The Rambam considers the prohibition to have nothing to do with the subject of the geneivas da'as. It is a violation of the מידת האמת that is expected of a Jew, and by lying to the anyone, even a goy, he is undermining this essential midah of being truthful. The difference between the Rambam and Rashi is that according to Rashi the prohibition exists because of the outcome of the undeserved goodwill that the Jew will receive from the goy, whereas according to the Rambam the issur is the act of deceiving another human being.
Wednesday, September 21, 2011
The gemara says that in the merit of Avrohom Avinu comparing himself to dirt and ash, the Jewish people merited the parah aduma which involves ash and the Sotah which involves dirt.
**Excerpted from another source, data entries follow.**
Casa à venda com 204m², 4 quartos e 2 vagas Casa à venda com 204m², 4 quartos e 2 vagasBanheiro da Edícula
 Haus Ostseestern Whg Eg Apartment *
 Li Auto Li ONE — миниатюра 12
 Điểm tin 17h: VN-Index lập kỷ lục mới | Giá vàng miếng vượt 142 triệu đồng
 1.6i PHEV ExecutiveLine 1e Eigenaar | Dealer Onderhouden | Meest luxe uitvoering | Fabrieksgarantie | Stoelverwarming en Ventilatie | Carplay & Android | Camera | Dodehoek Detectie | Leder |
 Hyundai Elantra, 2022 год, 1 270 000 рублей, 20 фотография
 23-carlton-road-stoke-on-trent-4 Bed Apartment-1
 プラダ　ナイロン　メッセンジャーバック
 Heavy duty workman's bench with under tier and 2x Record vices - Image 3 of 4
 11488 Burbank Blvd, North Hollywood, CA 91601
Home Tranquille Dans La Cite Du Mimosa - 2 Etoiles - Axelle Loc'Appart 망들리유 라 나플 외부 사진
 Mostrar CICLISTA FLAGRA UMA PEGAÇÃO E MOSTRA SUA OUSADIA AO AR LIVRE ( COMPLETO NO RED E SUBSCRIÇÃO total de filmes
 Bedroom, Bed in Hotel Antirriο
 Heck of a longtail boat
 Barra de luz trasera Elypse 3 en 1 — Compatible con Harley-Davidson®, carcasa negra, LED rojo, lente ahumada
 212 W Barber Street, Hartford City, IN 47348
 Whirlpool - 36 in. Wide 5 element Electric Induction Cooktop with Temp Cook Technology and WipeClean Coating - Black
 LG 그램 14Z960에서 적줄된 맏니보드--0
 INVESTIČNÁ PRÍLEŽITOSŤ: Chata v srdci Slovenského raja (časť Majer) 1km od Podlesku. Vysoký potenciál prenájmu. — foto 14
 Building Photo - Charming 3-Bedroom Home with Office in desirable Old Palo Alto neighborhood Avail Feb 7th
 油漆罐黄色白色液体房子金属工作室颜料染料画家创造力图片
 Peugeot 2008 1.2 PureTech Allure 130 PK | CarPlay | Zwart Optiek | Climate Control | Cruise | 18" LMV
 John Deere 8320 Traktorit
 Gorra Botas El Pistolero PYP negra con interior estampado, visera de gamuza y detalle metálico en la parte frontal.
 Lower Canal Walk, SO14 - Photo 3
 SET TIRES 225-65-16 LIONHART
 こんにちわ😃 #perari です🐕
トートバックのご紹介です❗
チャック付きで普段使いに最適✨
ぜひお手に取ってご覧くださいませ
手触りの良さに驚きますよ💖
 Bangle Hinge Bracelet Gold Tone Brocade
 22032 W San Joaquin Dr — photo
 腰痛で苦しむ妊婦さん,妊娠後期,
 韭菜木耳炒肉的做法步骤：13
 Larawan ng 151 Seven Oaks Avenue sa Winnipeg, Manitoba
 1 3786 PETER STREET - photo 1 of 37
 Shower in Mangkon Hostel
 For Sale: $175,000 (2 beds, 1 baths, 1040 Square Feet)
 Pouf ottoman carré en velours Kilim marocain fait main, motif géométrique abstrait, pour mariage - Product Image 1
The Maharsha explains that it doesn't mean to say that had Avrohom not made the comment אנכי עפר ואפר, we would never have a way to remove the tu'mah of tu'mas meis and would never have a method for the Sotah would never have a method to return to her husband. Rather, there would have been a far more complex and difficult process to achieve these results. In the merit of Avrohom humbling himself with the statement of אנכי עפר ואפר, they were able to achieve these results in an easier form using mere dirt and ash.
I would add that the attribute that most greatly separates between people is that of arrogance. Humility is an attribute that breeds togetherness. In the merit of Avrohom's humility, we were zocheh to two mitzvos that bring people back together. The ashes of the para aduma allow tamei people to once again interact with the tahor, and the dirt of the sotah allows her back to her husband.
The gemara asks that the mitzvah of כסוי הדם should have also been in the merit of Avrohom comparing himself to dirt.The gemara responds that there has to be a tangible benefit that comes from the mitzvah, and by covering the blood there is no tangible benefit. It seems to me that Rava who is the person making the statement is li'shitaso. We find that Rava himself on 89a takes a position of מצות לאו ליהנות ניתנו, which simply means that the merit of the mitzvah in itself doesn't qualify as a benefit. Only physical benefits qualify as real הנאה. Therefore, Rava holds that the benefit of having a mitzvah to perform thereby an opportunity to receive reward in the world to come, doesn't qualify as a benefit and therefore isn't significant enough to be the reward for Avrohom's statement. It is only the physical and tangible benefit that come from פרה אדומה and עפר סוטה that can be the reward for Avrohom's statement.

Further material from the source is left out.